**BRIEF**
When copying the data below, keep only the lines from the one with "2 Impasse du" through the one with "ORLY beauty 美国专业美甲产品购物网站", word for word, and skip the pictures.

**RECORDS SHOWN**

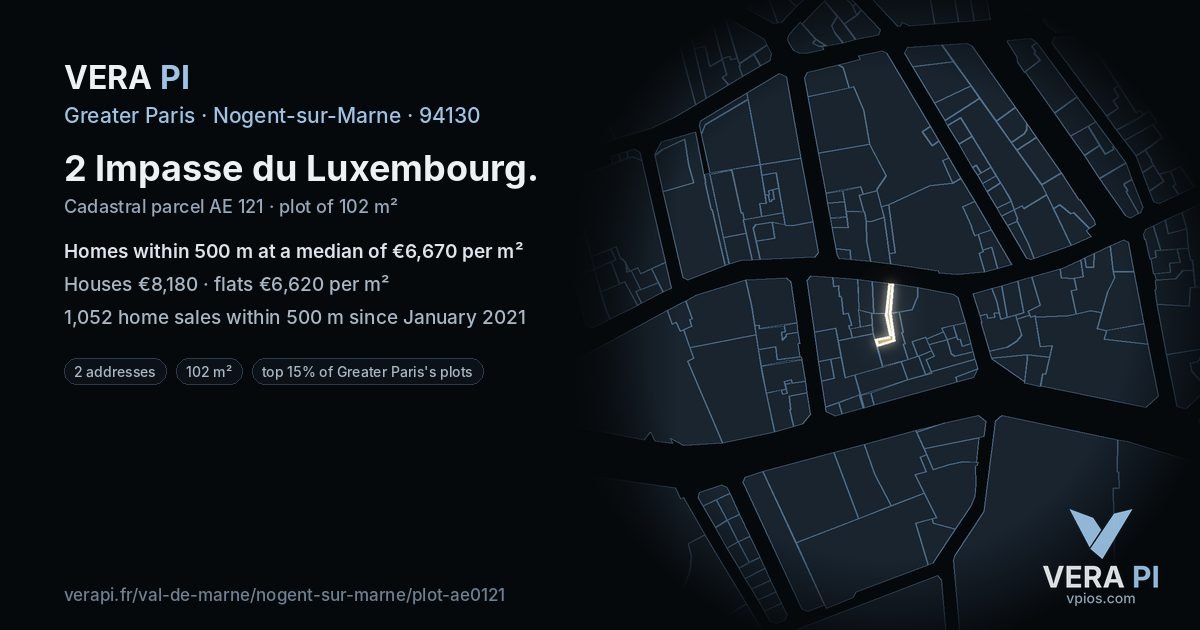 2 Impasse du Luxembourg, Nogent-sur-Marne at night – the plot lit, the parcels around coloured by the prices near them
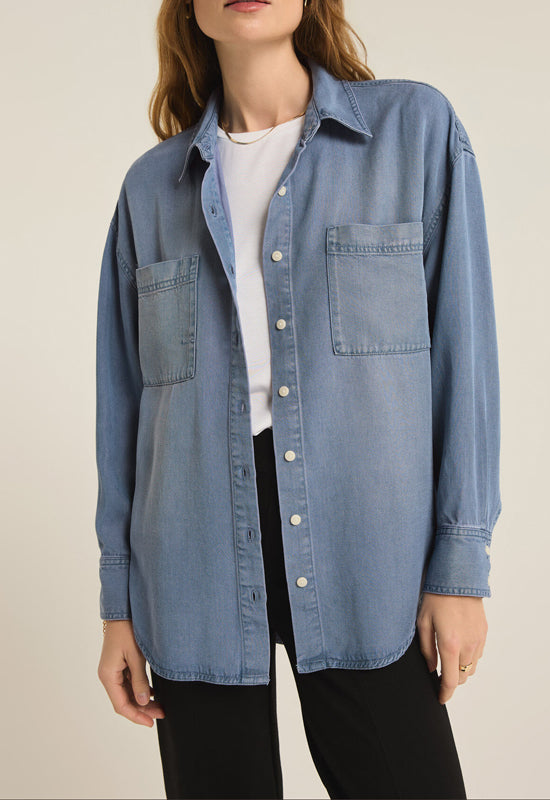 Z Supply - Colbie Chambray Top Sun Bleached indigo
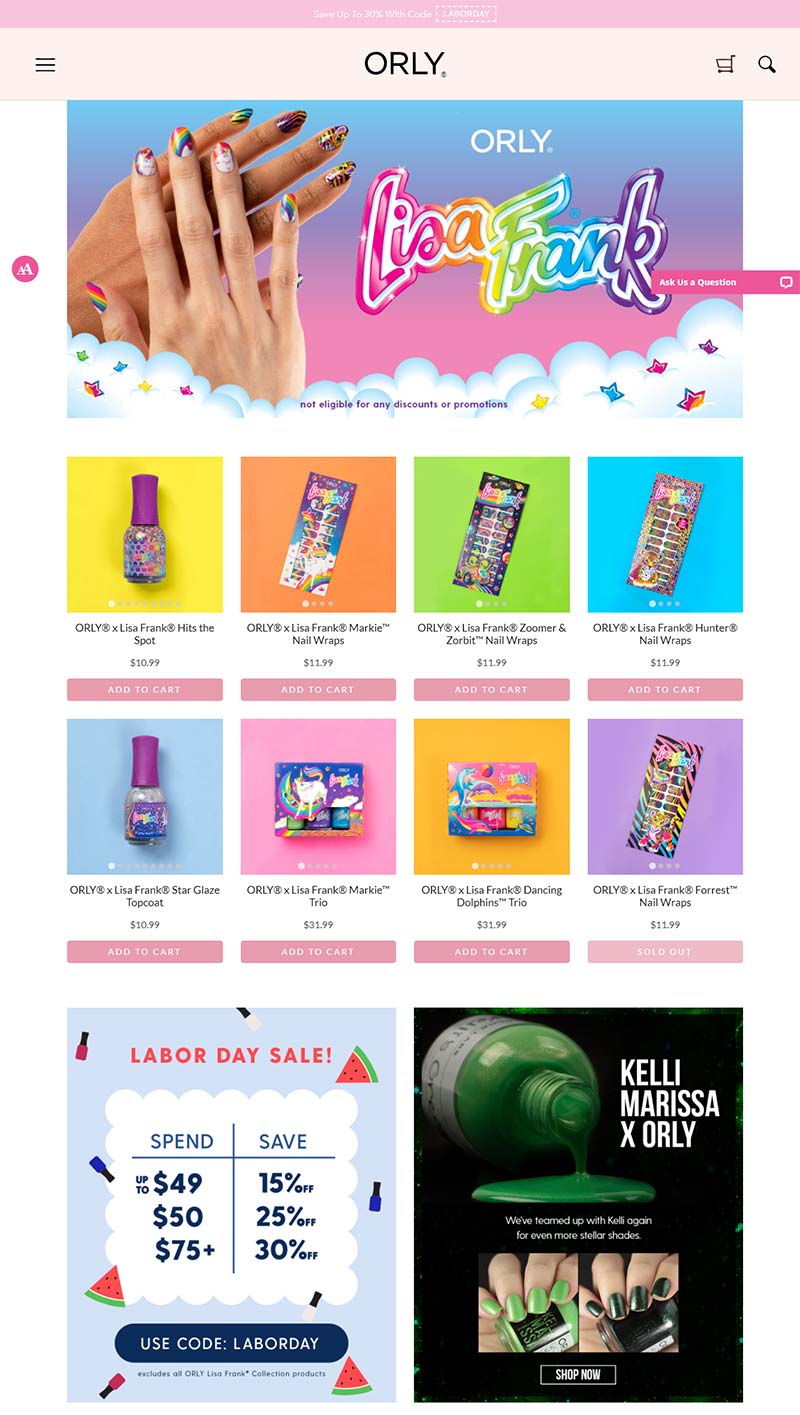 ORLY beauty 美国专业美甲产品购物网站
---
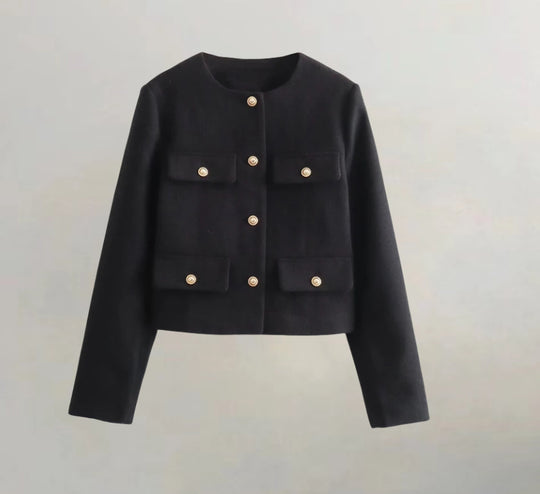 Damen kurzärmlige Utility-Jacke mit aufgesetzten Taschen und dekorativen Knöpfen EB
--
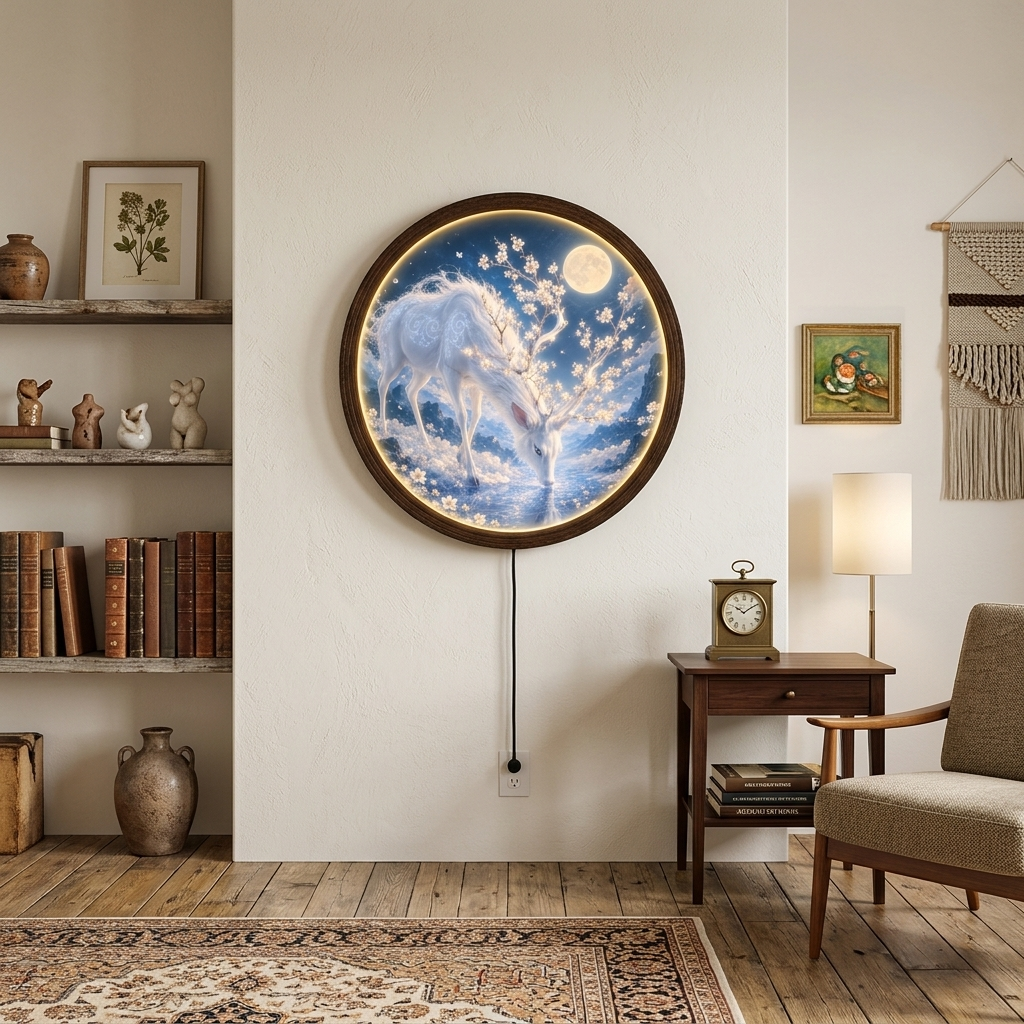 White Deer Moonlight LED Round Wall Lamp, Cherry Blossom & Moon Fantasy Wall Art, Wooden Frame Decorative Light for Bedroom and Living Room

**ANSWER TO THIS TASK**
 2 Impasse du Luxembourg, Nogent-sur-Marne at night – the plot lit, the parcels around coloured by the prices near them
 Z Supply - Colbie Chambray Top Sun Bleached indigo
 ORLY beauty 美国专业美甲产品购物网站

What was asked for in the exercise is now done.